## [EXERCISE REQUIREMENTS]
Everything in the listing below needs restating exactly, apart from the pictures.

## [AVAILABLE DATA]
^^^^^^^^

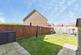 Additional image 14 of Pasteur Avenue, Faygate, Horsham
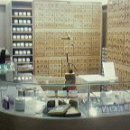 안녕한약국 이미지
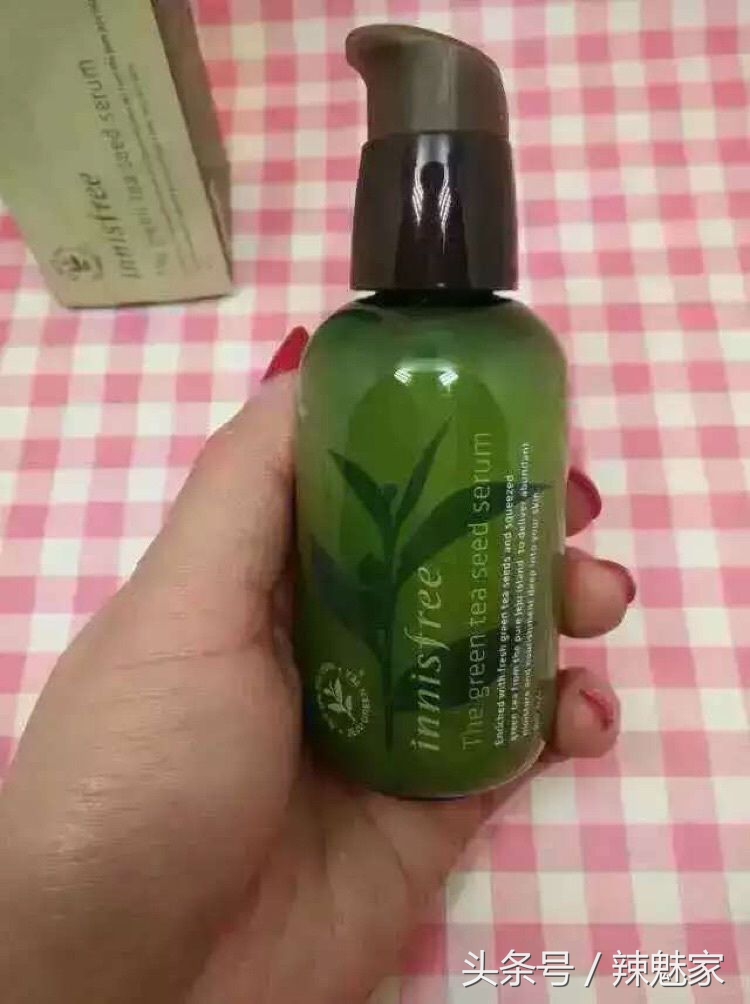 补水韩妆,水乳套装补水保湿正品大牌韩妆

^^^^^^^^

## [TASK OUTPUT]
 Additional image 14 of Pasteur Avenue, Faygate, Horsham
 안녕한약국 이미지
 补水韩妆,水乳套装补水保湿正品大牌韩妆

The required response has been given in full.